Berührt zu werden ist nicht nur für Neugeborene überlebenswichtig, sondern trägt auch bei Erwachsenen zu mehr Wohlbefinden und weniger Aggressivität bei: Einblick in neue Erkenntnisse aus der Gehirnforschung.
«Küsst und umarmt eure Kinder niemals», riet Psychologe John B. Watson im Jahr 1928. Die sonst herrschende Verweichlichung der Kinder bereite sie nicht genügend auf die harte Realität der Erwachsenenwelt vor.
Was passiert, wenn dieser Ratschlag Wirklichkeit und Kindern jegliche liebevolle Berührung versagt wird, mussten Heranwachsende in rumänischen Heimen in den 1980er Jahren am eigenen Leib erfahren: Aufgrund der Überbelegung in den Heimen blieb dem Betreuungspersonal keine Zeit, die einzelnen Kinder adäquat zu betreuen – keine aufmunternden Worte, keine körperliche Nähe.
Der Liebesentzug störte die frühkindliche Entwicklung und verursachte Langzeitschäden – von Konzentrationsstörungen bis hin zu Magenproblemen. Für Neugeborene und Kinder ist Berührung also essentiell. Doch was ist, wenn wir erwachsen werden? Wird Berührung dann optional, ein «Nice-to-have» für zarte Gemüter? Keineswegs, meinen Forscher, die sich dem Thema verschrieben haben.
Warum können wir uns eigentlich nicht selber kitzeln? Warum fühlen wir nicht konstant ganz genau, wie sich unsere Socke in den Schuhen reibt oder das Bein an der Hose, wenn wir laufen? Der Grund: Unser Gehirn ist evolutionsbiologisch darauf trainiert, Berührungen, die von uns selbst kommen, weniger stark zu empfinden, dabei also keine bestimmten Signale zu senden. Unser Tastsinn ist vielmehr auf Aussenwirkung gerichtet.
David Linden, Professor für Neuropsychologie an der Johns Hopkins Universität, beteuert gar: «Es ist die Berührung, die uns menschlich macht.»
Studien aus der Welt der Berührungsforschung verraten Erstaunliches: Sportteams, deren Spieler sich öfter mal einen freundschaftlichen Klaps auf den Rücken oder eine Umarmung geben, spielen weniger aggressiv und besser im Team – und gewinnen dadurch eher.

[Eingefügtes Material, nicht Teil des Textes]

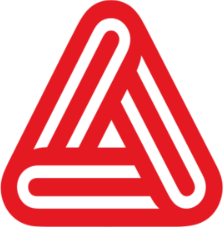 Avery Dennison Logo
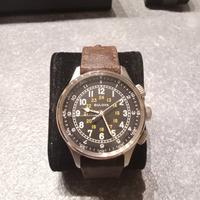 bulova pilot a-15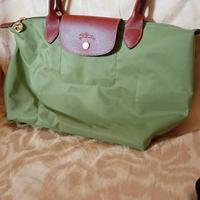 Borsa "Le Pliage" Longchamp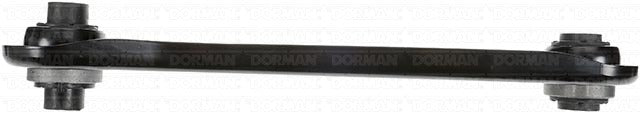 Dorman 521-548 Control Arm 2004-2019 Volkswagen Passat - view 5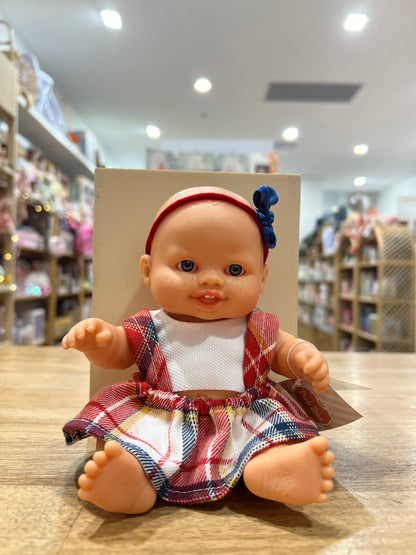 PAOLA REINA DOLL 21 CM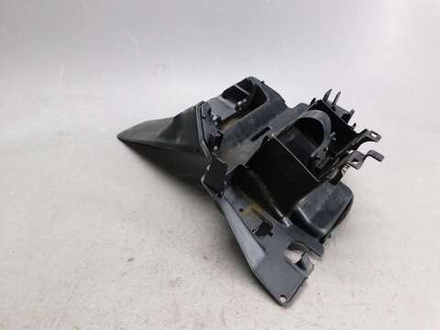 Крыло заднее Honda Dio AF27 AF28 80105-GAH-0000 032029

Berührt der Kellner Sie während des Essens einmal kurz am Arm, werden Sie höchstwahrscheinlich mehr Trinkgeld geben. Und würden Sie in der Migros an der Kasse gefragt werden, ob Sie jemanden vorlassen, wären Sie eher dazu bereit, wenn die Person Sie vorher kurz berührt hätte.
Wie aber funktioniert dieses Wechselspiel zwischen Berührung und der darauffolgenden veränderten Reaktion? Die Antwort liegt im Gehirn und der Ausschüttung von bestimmten Hormonen.
Diese Art von Berührung, im Jargon «affectionate touch» (zärtliche Berührung) genannt, senkt nicht nur Puls und Blutdruck, sondern verringert auch das Stresshormon Cortisol im Blut.
Gleichzeitig steigert positive Berührung das Ausschütten des Liebeshormons Oxytocin sowie das Glückshormon Serotonin und wirkt somit gegen Stress, depressive Verstimmungen und schmälert das Aggressionspotenzial.
Eine Berührung geht direkter ins Gehirn, als gut gemeinte Worte.
Bahnbrechend war die Erkenntnis, dass unser Gehirn bei positiver Berührung andere Nervenstränge aktiviert als bei «negativer» Berührung (zum Beispiel Schmerz).
Gemäss Neuropsychologieprofessor Linden entsteht Berührung bei unterschiedlichen Nervenenden, welche das Empfinden von Schmerz, Hitze etc. an das Gehirn weiterleiten. Diese Information ist jedoch nicht neutral, sondern das Gehirn ordnet die Empfindung bereits nach wenigen Millisekunden ein – «neutrales» Fühlen existiert also gar nicht, sondern ist immer bereits vermischt mit emotionalen Empfindungen.
Wird ein angenehmer, leichter Druck am Arm oder der Schulter spürbar, wird diese Berührung sofort als positiv eingestuft, die entsprechende Hirnregion aktiviert und die positiven Empfindungen ausgelöst.
Lassen Sie es also beim nächsten Mal, wenn sie einem Menschen gut zureden, nicht bloss bei Worten, sondern berühren Sie Ihr Gegenüber: Eine Berührung geht direkter ins Gehirn als gut gemeinte Worte. Es kommt übrigens nicht darauf an, wer berührt oder wer berührt wird: Von den positiven Effekten profitieren beide.